The most common pattern. A central orchestrator decomposes tasks, delegates to specialists, and synthesizes results. All communication flows through the hub. This is what Claude Code's Task tool, LangGraph's supervisor pattern, and Microsoft's Semantic Kernel use by default.

When to use: Task decomposition is clear, sub-tasks are independent, and you need full visibility into the workflow. This is the right default for most agentic applications.

2. Peer-to-Peer (Agent Teams / A2A)

# Peer-to-Peer (Agent Teams) Pattern
# Agents communicate directly with each other

class Teammate:
    def __init__(self, name: str, inbox: MessageQueue):
        self.name = name
        self.inbox = inbox
        self.task_pool = SharedTaskList()

    async def run(self):
        while True:
            # Self-claim available tasks
            task = await self.task_pool.claim_next()
            if not task:
                await self.notify_idle()
                break

            # Execute with awareness of teammates
            result = await self.execute(task)

            # Notify teammates who depend on this work
            for blocked_task in task.blocks:
                owner = blocked_task.owner
                if owner:
                    await self.send_message(owner, {
                        "type": "dependency_resolved",
                        "task": task.id,
                        "summary": result.summary
                    })

            await self.task_pool.mark_completed(task.id)

# Pros: Rich collaboration, no bottleneck, parallel
# Cons: Coordination complexity, token explosion, non-deterministic

Agents communicate directly, claim tasks from a shared pool, and coordinate without routing everything through a central point.
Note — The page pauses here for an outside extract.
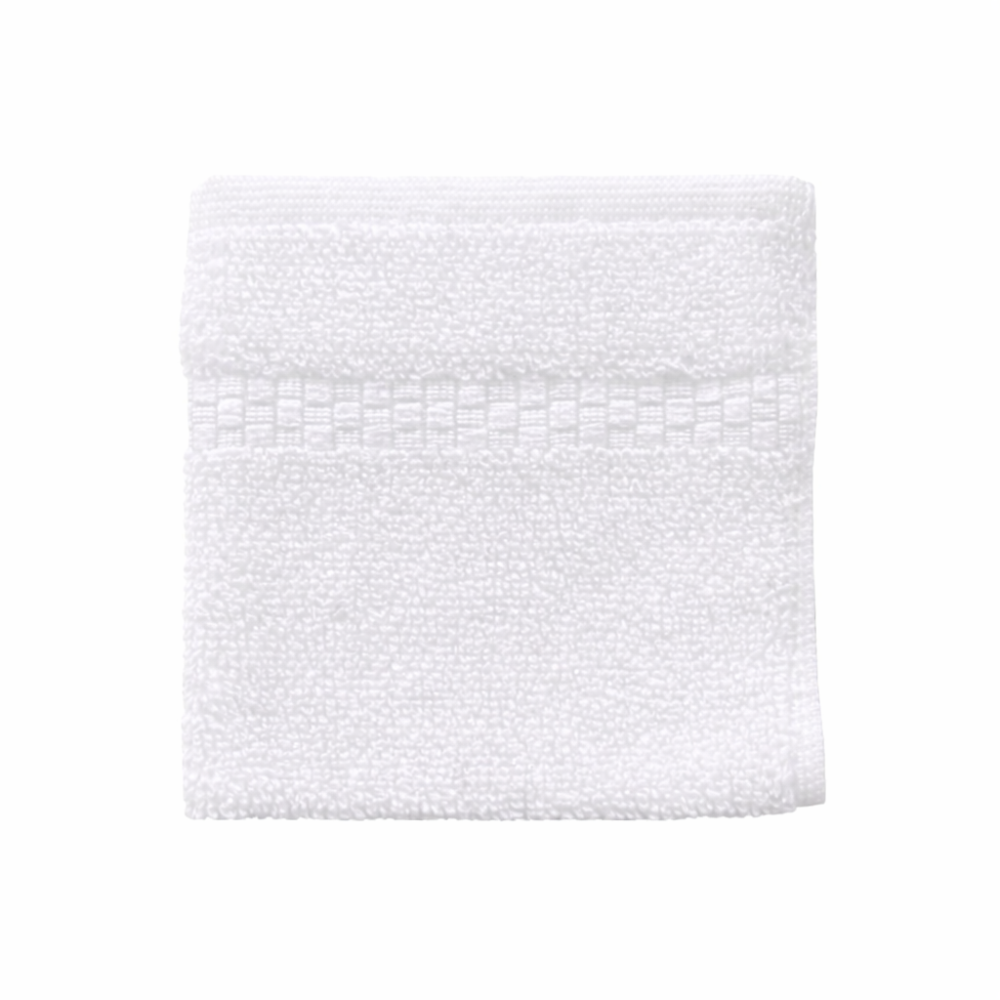 Bulk washcloths engineered for hotels and rentals, combining fast-drying performance with long-term durability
Claude Code's Agent Teams is one implementation; Google's Agent2Agent Protocol (A2A) provides a standardized version for cross-vendor interoperability, backed by 50+ technology partners.

When to use: Cross-layer collaboration is essential, multiple perspectives improve quality, and you can afford the token premium.

3. Sequential Pipeline

# Sequential Pipeline Pattern
# Fixed-order assembly line -- each stage feeds the next

pipeline = [
    Agent("parser",     tools=["read_file", "parse_ast"]),
    Agent("analyzer",   tools=["lint", "type_check", "complexity"]),
    Agent("reviewer",   tools=["check_style", "find_bugs"]),
    Agent("reporter",   tools=["format_markdown", "write_file"]),
]

async def run_pipeline(input_data):
    state = input_data
    for agent in pipeline:
        state = await agent.process(state)
        # Each agent transforms state and passes it forward
        # No backtracking -- if stage 3 finds issues,
        # it cannot ask stage 1 to redo its work
    return state

# Pros: Deterministic, easy to debug, clear data lineage
# Cons: No parallelism, no backtracking, one slow stage blocks all

A fixed-order assembly line where each agent transforms data and passes it to the next. Google ADK and Microsoft's architecture catalog both formalize this pattern. It's the simplest multi-agent architecture and the easiest to debug.

When to use: Linear data transformation (parse → analyze → format), progressive refinement (draft → review → polish), or any workflow where stages have clear input/output contracts.

4. Blackboard Architecture

# Blackboard Architecture
# Agents collaborate via a shared knowledge base

class Blackboard:
    def __init__(self):
        self.state = {}       # Shared knowledge base
        self.subscribers = [] # Agents watching for changes

    async def write(self, key: str, value: any, author: str):
        self.state[key] = {
            "value": value,
            "author": author,
            "timestamp": now()
        }
        # Notify agents interested in this key
        for agent in self.subscribers:
            if agent.watches(key):
                await agent.on_update(key, value)

    async def read(self, key: str) -> any:
        return self.state.get(key, {}).get("value")

# Usage: Agents read/write to blackboard independently
# Agent A posts partial solution → Agent B refines it
# No direct agent-to-agent communication needed

# Pros: Decoupled agents, incremental problem-solving
# Cons: State management complexity, potential conflicts

Originated in the 1980s for speech recognition and now being revived for LLM-based systems. Agents collaborate through a shared knowledge base without direct communication. Each agent reads from and writes to the blackboard independently, and a control unit determines which agent acts next. A 2025 arXiv paper explores this for LLM multi-agent systems with 9 specialized agents.

When to use: Problems where solutions emerge from accumulated partial contributions, asynchronous collaboration, and agents that don't need to know about each other.

5. Hierarchical Teams

A tree-like structure with multiple levels of supervision. Top-level supervisors manage team-level supervisors, who manage worker agents. LangGraph supports hierarchical agent teams natively.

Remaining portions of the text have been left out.